I was down at the Hudson Bay Cafe last Thursday, trying to catch up on stacks of papers and waiting for the library to open. I generally avoid cafes because they're filled with melodramatic conversations about people's problems, and theirs soon become mine. About two bad essays, an almond muffin and a latte later, two dudes sit down at the window table next to me and begin talking poetry. The black dude basically listens while the horned rimmed glasses dude spouts. Baraka this and structure that and positivism hoodydoody do. Once again unable to concentrate, I packed up and left.

Well, I guess one man's pretension is another's poetic gold.

07 November 2006

Italian Americans rule, I spent $35 on a Flaubert biography, and who needs the Senate? Pelosi forever!

05 November 2006

Things I Learned Alone With The Kids This Weekend

People eat buttloads of ice cream. I took Lucas and Lars to the post-soccer celebration at Fenton's and there were 50 people waiting in line on Sunday afternoon. Skinny Asian chicks were powering down bongo sundaes with gusto. This was not on my radar. Sunday afternoon ice cream blowouts? Who knew.

Attitude is arguably the most important influence on mood. OK, I didn't exactly learn this today, but I further confirmed it. Commit to what is and what cannot be, and you will have more pleasant moments.

Walking is good for what some people like to call the soul.

Lack of control is the most aggressive cause of rage.

The new NHL can work if two skilled teams face off.

Soft fat accumulates quickly when the body does not move.

Your parents can surprise you in wonderful ways in the right circumstances.

6-under soccer rules.

Spider bites wreak havoc on the extremities.

If the leaves don't get raked, the leaves don't get raked.

Taco casserole is a fine breakfast food.

Bruce Springsteen used to make purty decent records.

Tim Russert is a shitbird.

Your family has many more secrets than they've told you. Yet.

Lou Reed solo records have their moments, in case you've forgotten.

Sir Bradley can get nasty when he needs to.

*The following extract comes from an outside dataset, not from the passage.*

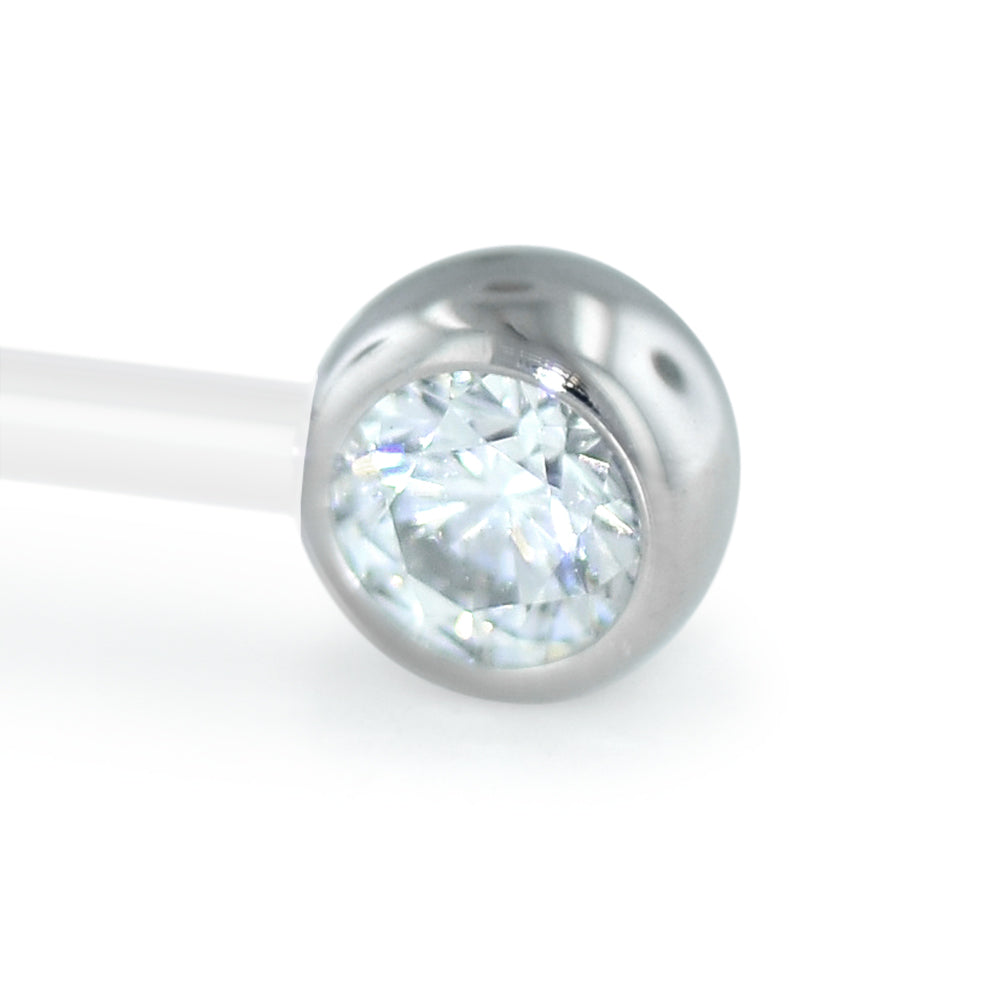 Titanium Faceted Side Gem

Even Nellie can't save this Warrior gang.

You can't lecture on what you haven't read.

02 November 2006


RIP William Styron
I really liked the three books I read, including his thin memoir on depression, Darkness Visible. I saw him speak a number of times and he always struck me as having come from a different era, from a time when folks took literature and ideas seriously and were ready to do hard battle over both. He also knew how to live, as the following blurb from the Chron's obit attests-

After the Styrons settled in a Connecticut farmhouse and began raising a family, he developed a routine he stuck to: sleep until noon; read and think in bed for another hour or so; lunch with Rose around 1:30; run errands, deal with the mail, listen to music, daydream and generally ease into work until 4. Then up to the workroom to write for four hours, perfecting each paragraph until 200 or 300 words are completed; have cocktails and dinner with the family and friends at 8 or 9; and stay up until 2 or 3 in the morning, drinking and reading and smoking and listening to music.